"Women never complain about incidents of sexual violence because you don't want someone to say 'Well, women shouldn't be out there,'" Logan said in the "60 Minutes" interview. "But I think there are a lot of women who experience these kinds of things as journalists and they don't want it to stop them from doing their job because they do it for the same reasons as we: they're committed to what they do."
Trauma in the line of duty can make it difficult for victims to return to work, Klapow said.
"It's common for police, firefighters, railroad conductors after there's been an accident; sometimes people aren't able to return to that job. Not that they can't work, but that job can become too much of a trigger," Klapow said, describing the tendency of traumatic experiences to cause flashbacks in similar situations.

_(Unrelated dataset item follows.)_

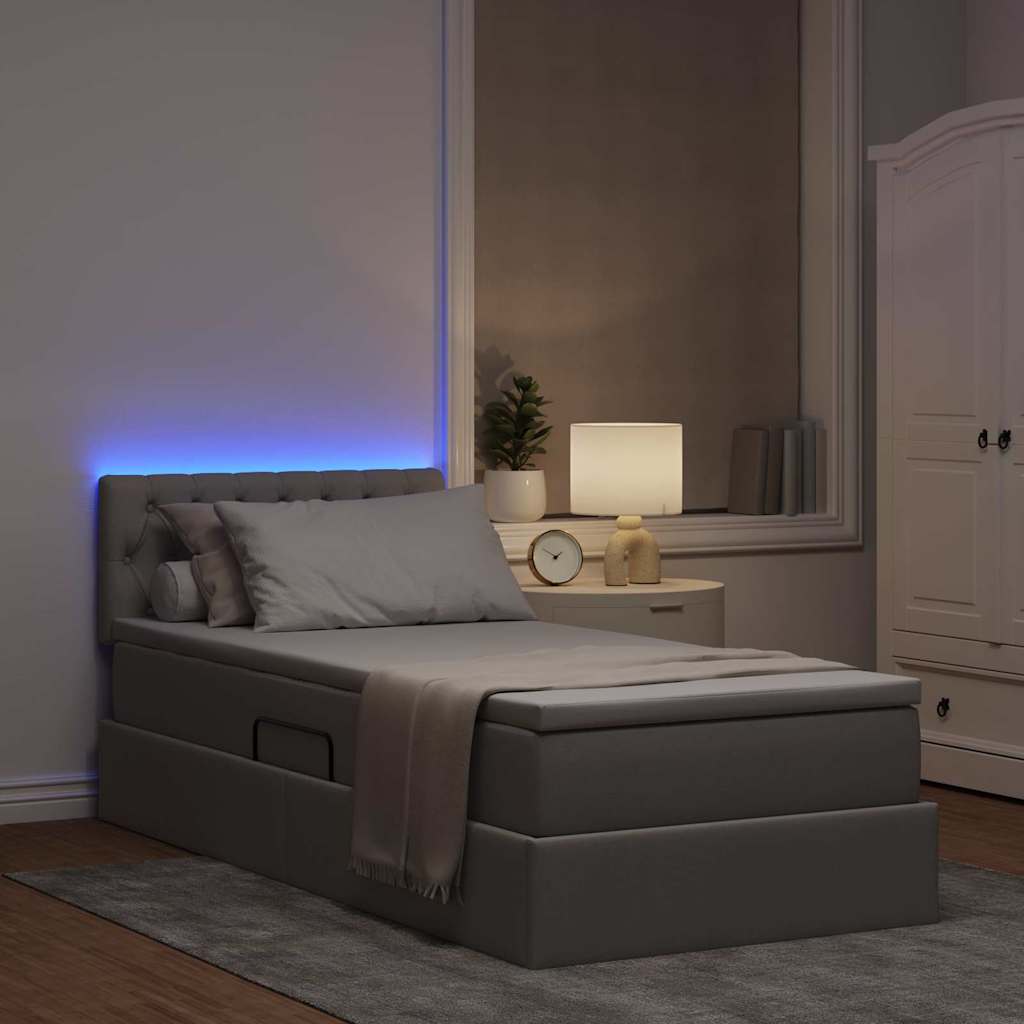 Κρεβάτι με αποθηκευτικό χώρο και LED Taupe 90 x 190 cm ύφασμα - Pakobazaar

Although Klapow couldn't comment on Logan specifically, he said it's "entirely plausible that someone who has gone through what she has could suffer from post-traumatic stress syndrome," adding that sexual violence can also impact relationships and intimacy.
"While this was in no way an intimate act, the two are tied together," he said. "It's not unfathomable that she could have issues with physical intimacy."
Logan, who returned to work at CBS News Wednesday, said she doesn't plan on giving more interviews on the attack -- a decision that Klapow called "protective."
"Dealing with trauma like this doesn't necessarily mean talking about your trauma over and over," Klapow said. "As a psychologist I applaud her for coming forward and telling her story, but I also support her in her wish not to make this her life cause."